Exhaustive full regression testing on every update is impractical, which is why delta (impact) analysis is the discipline that makes upgrades affordable. Impact analysis systematically identifies the differences between source and target versions and maps them to your specific customisations, integrations, and reports — enabling risk-based, targeted testing instead of testing everything.

For Dynamics 365 Finance and Operations, the native tool is the Regression Suite Automation Tool (RSAT), which converts Task Recorder recordings into parameterised, Excel-driven tests run via Azure DevOps. Important caveat: RSAT is marked for deprecation and will not be supported after May 15, 2027, and Microsoft has named no direct replacement — so teams should begin evaluating alternatives now. Microsoft's own guidance is platform-neutral ('we don't recommend one tool over another') and points to options including SysTest/ATL for unit and component tests, plus third-party platforms. Third-party platforms that specialise in impact-driven regression for ERP include Panaya (Test Dynamix and Change Intelligence), Tricentis (Tosca and SAP Change Impact Analysis), and Worksoft (Certify and Impact); they correlate code and transit changes to business-process test coverage so you test only what the update actually touched.

For SAP customers moving to S/4HANA, conversions are guided by the Simplification Item Catalog and custom-code analysis (ATC/SCI), with the conversion itself run through the Software Update Manager (SUM). SAP S/4HANA Cloud (Public Edition) uses a 3-system landscape (3SL) in which the test system is upgraded ahead of production, and the RASD (Release Assessment and Scope Dependency) tool delivers a personalised view of release impact filtered to your activated scope items.
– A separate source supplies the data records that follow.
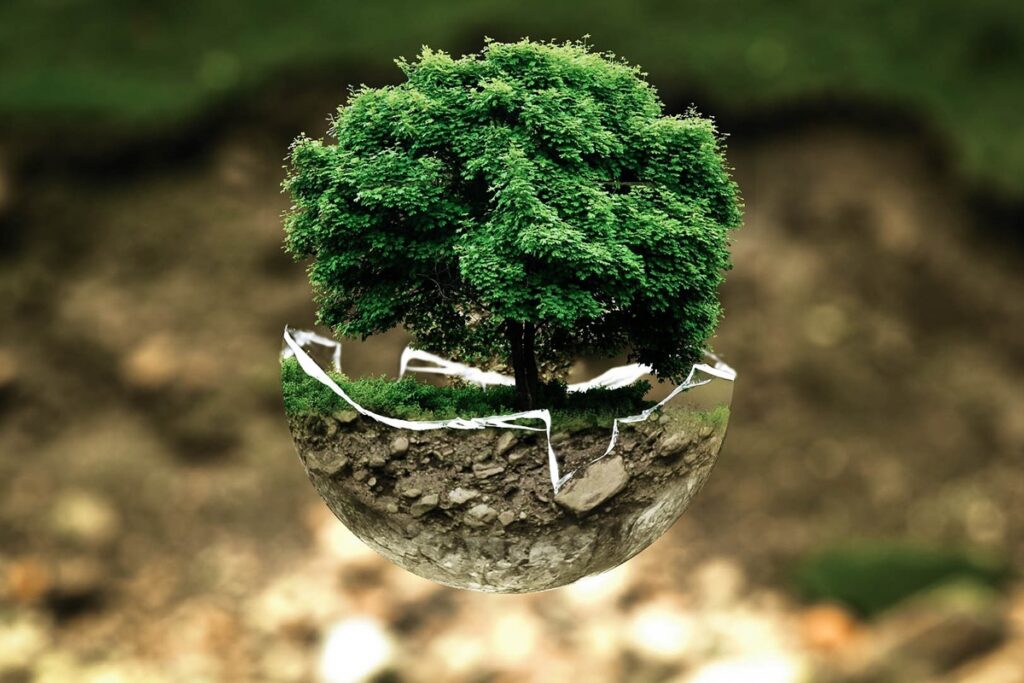 Dia do Meio Ambiente 2026: por que a gestão ambiental é mais necessária do que nunca?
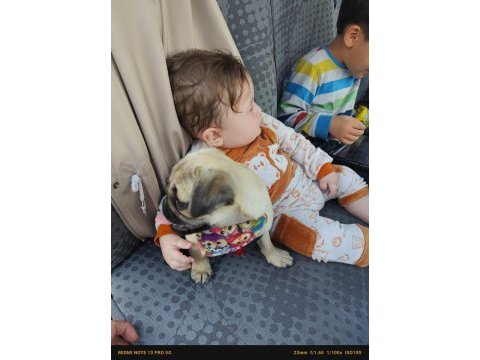 3 aylık yavru pug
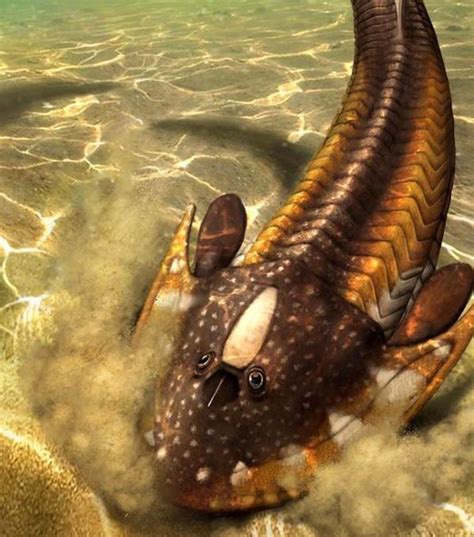 Silurian-Devonian Jawless Fish were Ecologically Diversified | Sci.News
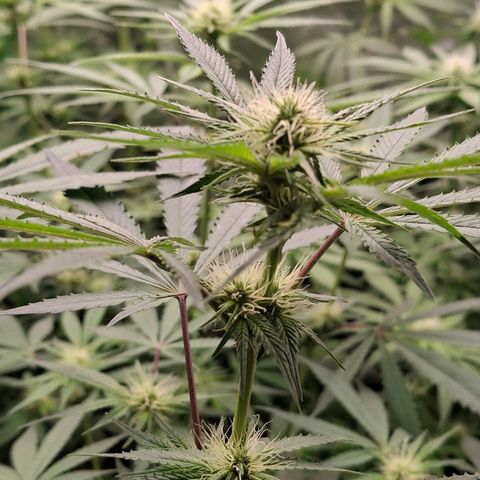 Nothern Lights GP & Sundae Driver  growlog timeline photo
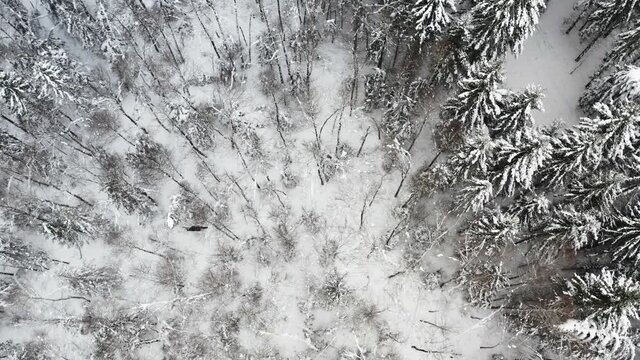 Moose running into the forest in winter aerial view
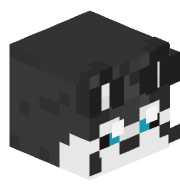 AppleExpl01t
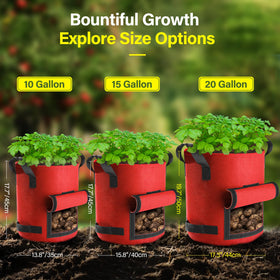 Suntee planting in a 10-gallon bag suitable for vegetables and herbs.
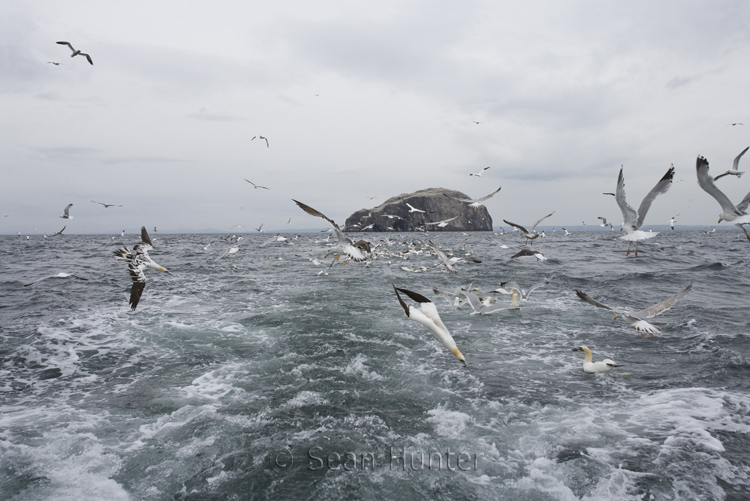 Gannets and herring gulls in flight over the Bass Rock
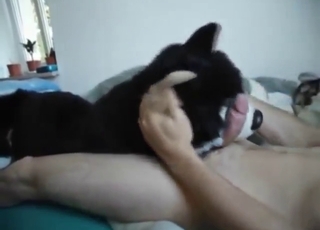 Good-looking guy fucks dog plushies, all taboo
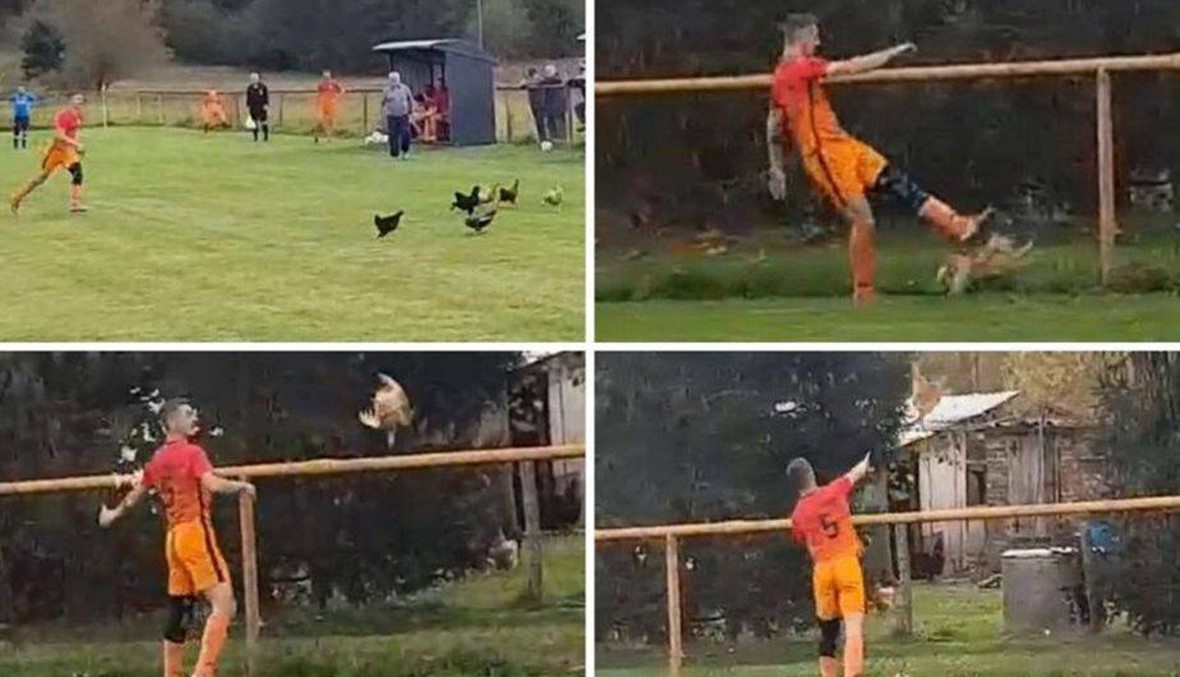 دجاجة تضع لاعب كرة قدم أمام القضاء!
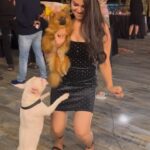Ashwini Sree Instagram - My love for animals🤗🥰😘❤️ #birthday #party #réel #reelsinstagram #reels #instagood #bigboss #bigboss7 #telugu #tollywood #dimple #cute #dogsofinstagram #doglover #dog #random #ashu #ashwini #trending #love #tflers #bigbosstelugu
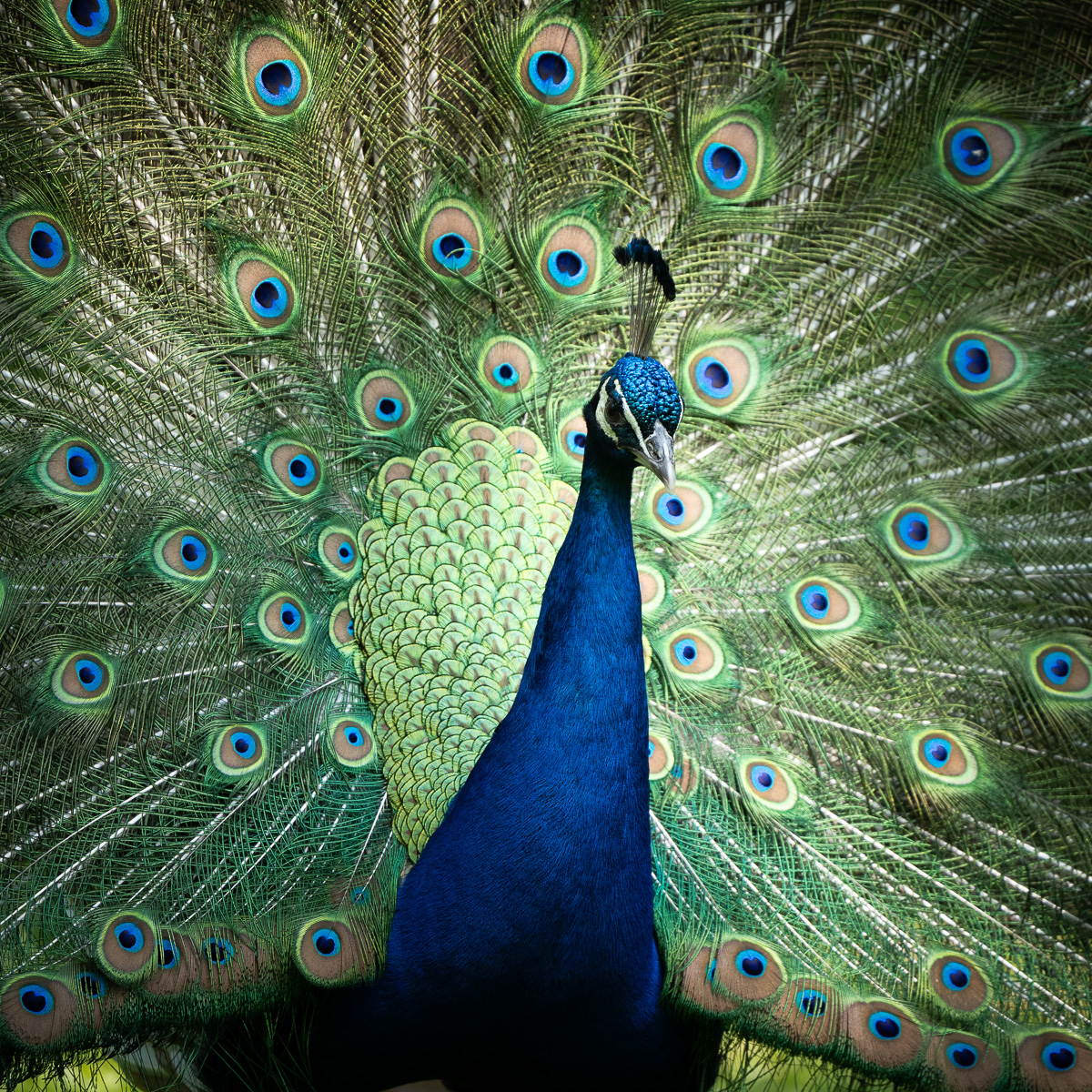 Ein Pfau imponiert im Bremer Bürgerpark mit seinem Gefieder.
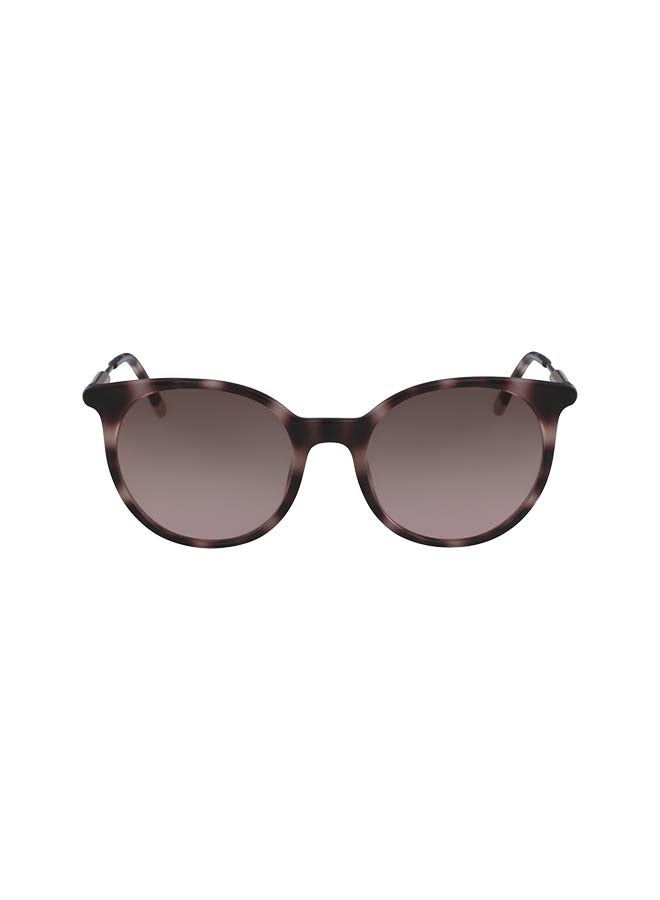 Women's Cat Eye Frame Sunglasses - Lens Size: 54 mm
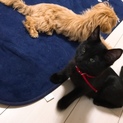 黒猫の里親募集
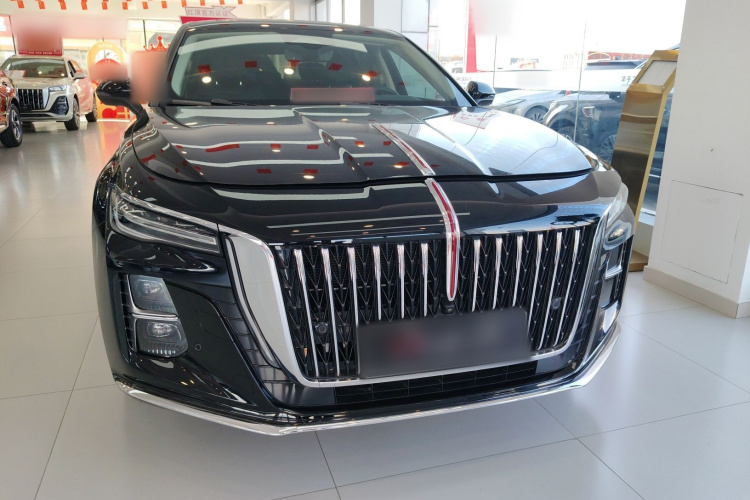 红旗H5 2025款 2.0T 自动旗领版车身外观2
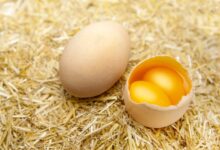 Cracking Profits: Mastering Profitable Poultry Farming For Layers With Jumbo Eggs And Double Yolks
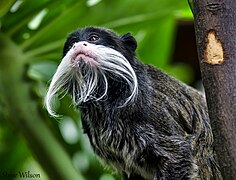 Emperor tamarin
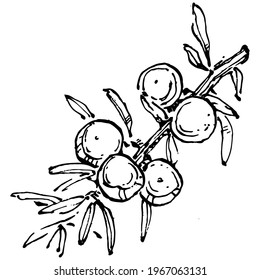 Juniper vector drawing. Isolated vintage illustration of berry on branch. Organic essential oil engraved style sketch. Beauty and spa, cosmetic ingredient. Great for label, poster, flyer, packaging

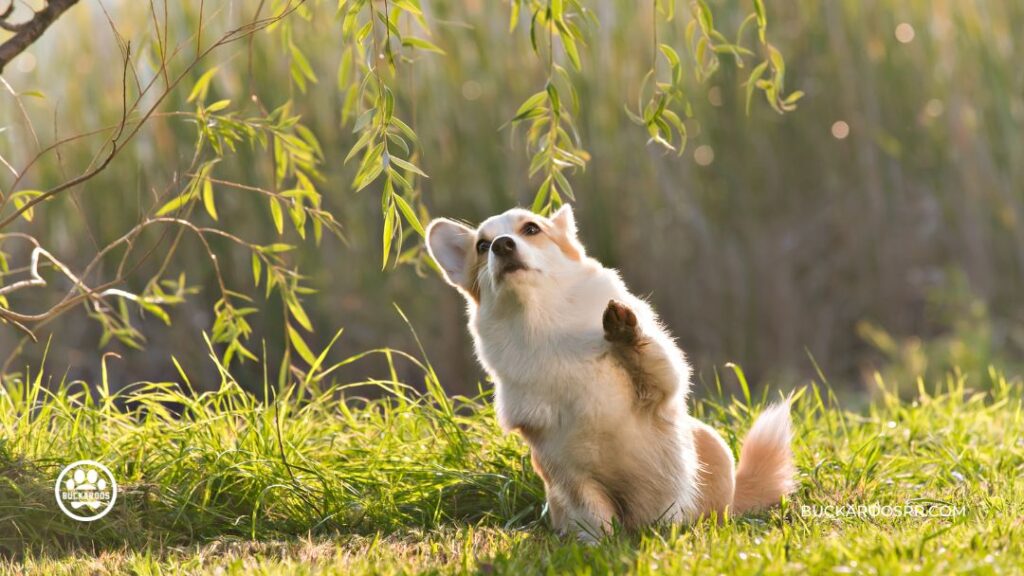 5 Amazing Tricks For Treat Your Dog Will Love 3 Tricks For Treat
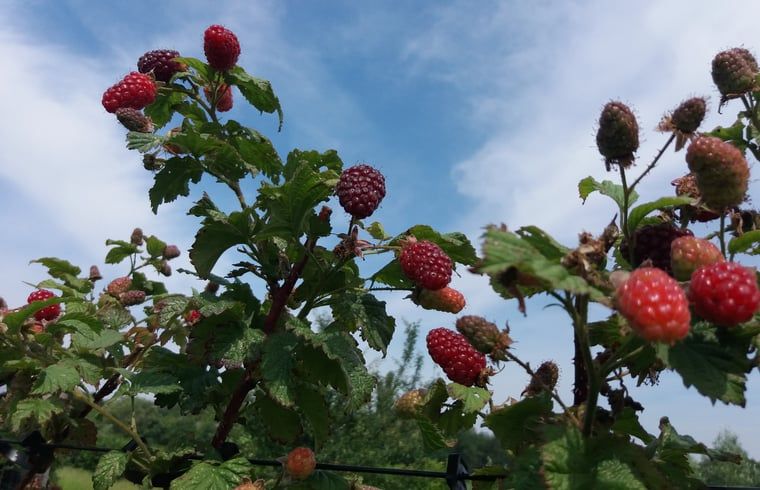 Frambozen in de tuin van Vakantiehuisje in Grashoek, Noord Limburg. Rijpe frambozen in de natuurlijke omgeving.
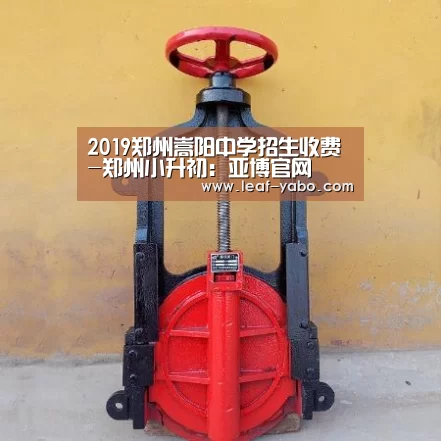2019郑州嵩阳中学招生收费-郑州小升初:亚博官网(图2) 亚博体育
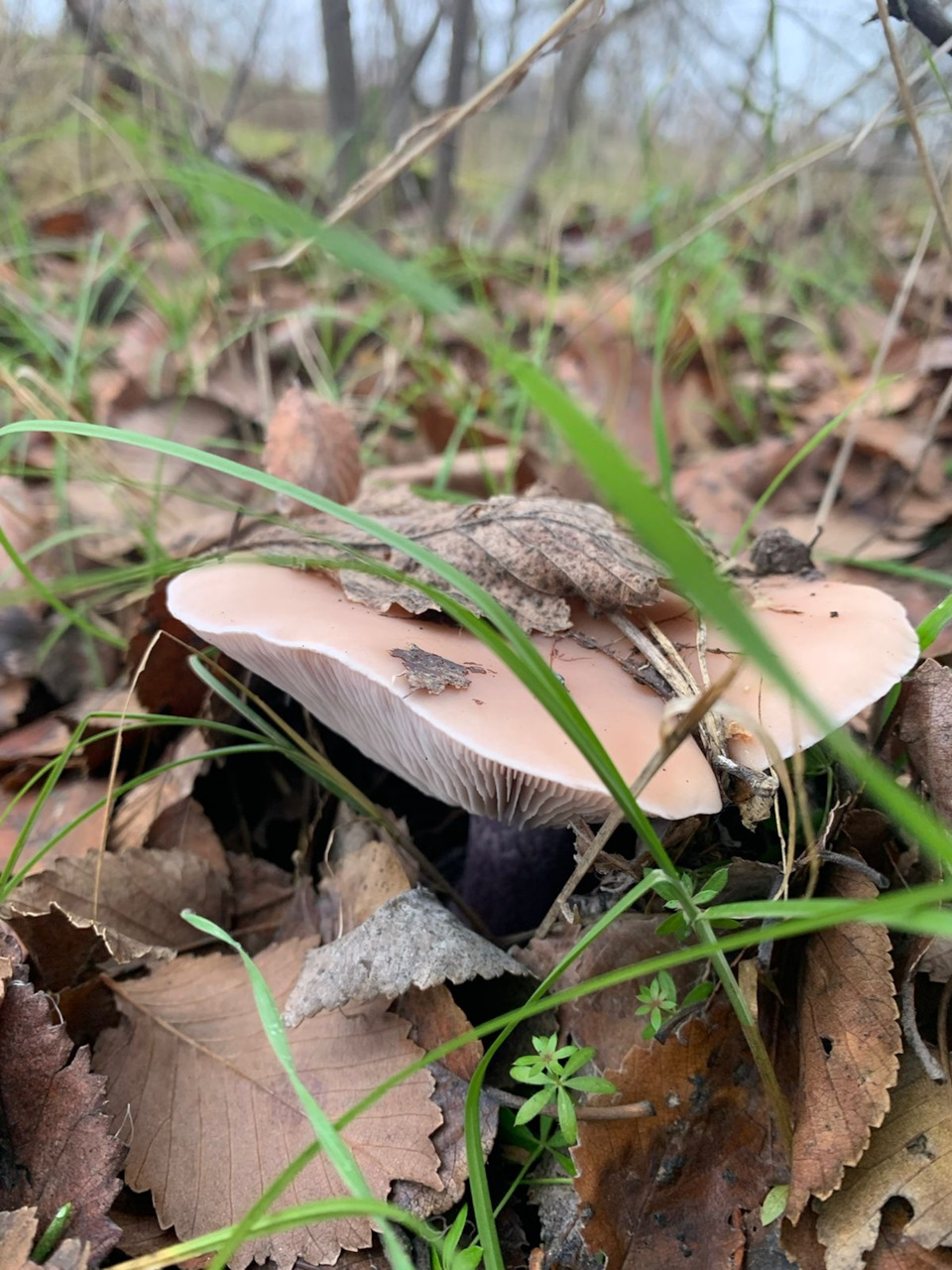 Фото в бортжурнале УАЗ Patriot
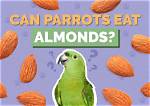 Can Parrots Eat Almonds? What You Need to Know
For Odoo, there is no equivalent native regression tool — testing is manual plus whatever you build with the Odoo testing framework or third-party automation. This is a real gap, and one reason Odoo version upgrades feel more labour-intensive than Dynamics 365 updates.

Cutover and Hypercare

A cutover is the coordinated switch from the legacy to the upgraded system, usually planned for a weekend or low-business window of under 48 hours. A clean cutover includes data and transaction freezes in the legacy system, a code freeze, a detailed hour-by-hour runbook, dry-run rehearsals, explicit go/no-go criteria, and a documented rollback plan. Microsoft publishes cutover guidance for Dynamics 365 implementations covering all of these elements.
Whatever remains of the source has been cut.